In truth, Bernard has merits which he ignores, at least in this first part of his journal: merits which are necessary to explain the influence he is able to exercise from the first over such a character as Mademoiselle de Courteheuse. His charm, in fact, is in the union of that gay and apparently wanton nature with a genu
ine power of appreciating devotion in others, which becomes devotion in himself. With all the much-cherished elegance and worldly glitter of his personality, he is capable of apprehending, of understanding and being touched by the presence of great matters. In spite of that happy lightness of heart, so jealously fenced about, he is to be wholly caught at last, as he is worthy to be, by the serious, the generous influence of things. In proportion to his immense worldly strength is his capacity for the immense pity which breaks his heart.

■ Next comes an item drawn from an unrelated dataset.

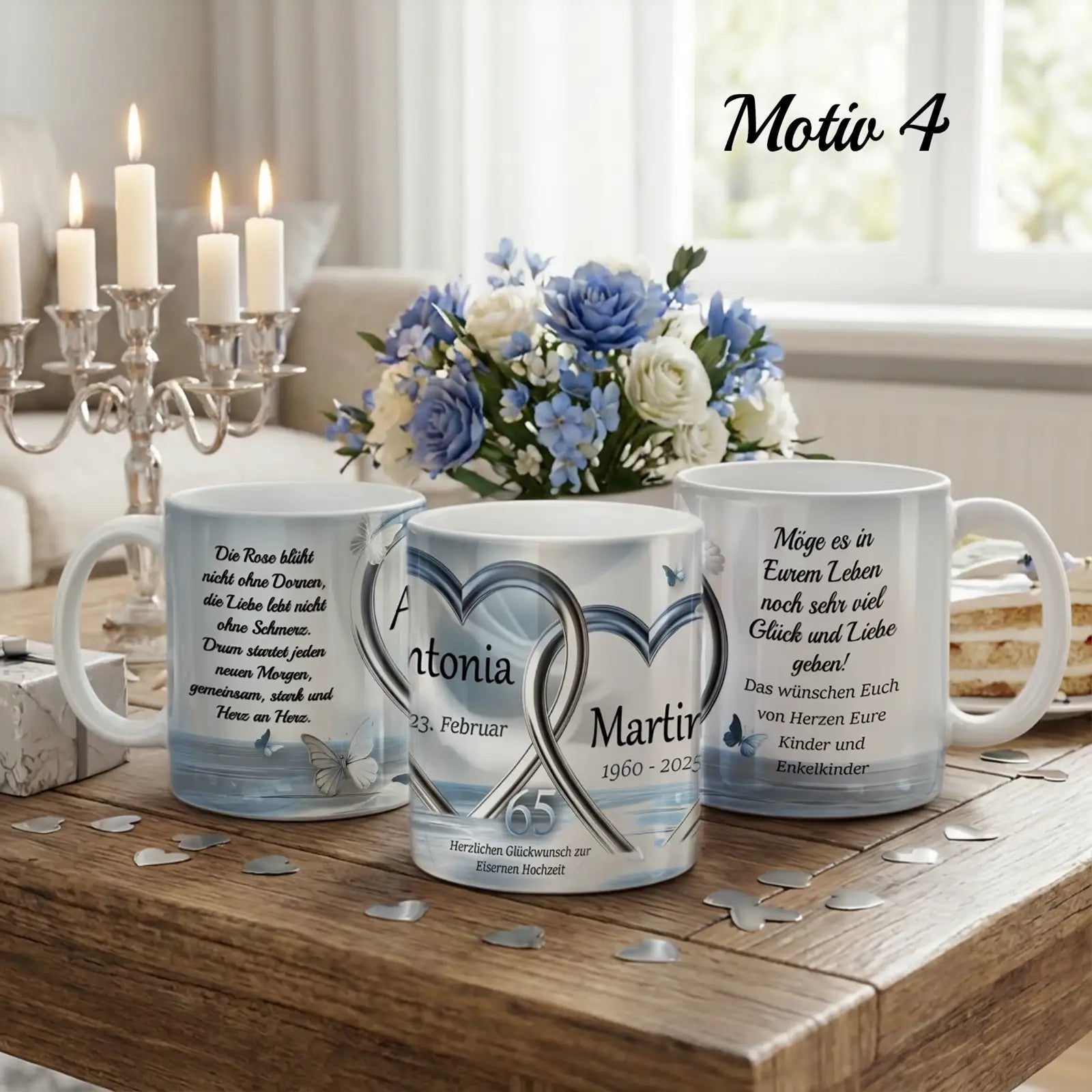 Weiße Keramiktassen mit personalisiertem Motiv zur Eisernen Hochzeit, Namen, Datum und Jubiläumszahl, arrangiert auf Holztisch mit Blumenstrauß und Kerzenleuchtern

In a few life-like touches M. Feuillet brings out, as if it were indeed a thing of ordinary existence, the simple yet delicate life of a French country-house, the ideal life in an ideal France. Bernard is paying a morning visit at the old turreted home of the “prehistoric” Courteheuse family. Mademoiselle Aliette de Courteheuse, a studious girl, though a bold and excellent rider — Mademoiselle de Courteheuse, “with her hair of that strange colour of fine ashes” — has conducted her visitor to see the library:
One day she took me to see the library, rich in works of the seventeenth century and in memoirs relating to that time. I remarked there also a curious collection of engravings of the same period. “Your father,” I observed, “had a strong predilection for the age of Louis the Fourteenth.”
“My father lived in that age,” she answered gravely. And as I looked at her with surprise, and a little embarrassed, she added, “He made me live there too, in his company.”
And then the eyes of this singular girl filled with tears. She turned away, took a few steps to suppress her emotion, and returning, pointed me to a chair. Then seating herself on the step of the book-case, she said, “I must explain my father to you.”
She was half a minute collecting her thoughts: then, speaking with an expansion of manner not habitual with her, hesitating, and blushing deeply, whenever she was about to utter a word that might seem a shade too serious for lips so youthful:— “My father,” she proceeded, “died of the consequences of a wound he had received at Patay. That may show you that he loved his country, but he was no lover of his own age. He possessed in the highest degree the love of order; and order was a thing nowhere to be seen. He had a horror of disorder; and he saw it everywhere. In those last years, especially, his reverence, his beliefs, his tastes, all alike were ruffled to the point of actual suffering, by whatever was done and said and written around him. Deeply saddened by the conditions of the present time, he habituated himself to find a refuge in the past, and the seventeenth century more particularly offered him the kind of society in which he would have wished to live — a society, well-ordered, polished, lettered, believing. More and more he loved to shut himself up in it. More and more also he loved to make the moral discipline and the literary tastes of that favourite age prevail in his own household. You may even have remarked that he carried his predilection into minute matters of arrangement and decoration. You can see from this window the straight paths, the box in patterns, the yew trees and clipped alleys of our garden. You may notice that in our garden-beds we have none but flowers of the period — lilies, rose-mallows, immortelles, rose-pinks, in short what people call parsonage flowers — des fleurs de curé. Our old silvan tapestries, similarly, are of that age. You see too that all our furniture, from presses and sideboards, down to our little tables and our arm-chairs, is in the severest style of Louis the Fourteenth. My father did not appreciate the dainty research of our modern luxury. He maintained that our excessive care for the comforts of life weakened mind as well as body. That,” added the girl with a laugh,— “that is why you find your chair so hard when you come to see us.”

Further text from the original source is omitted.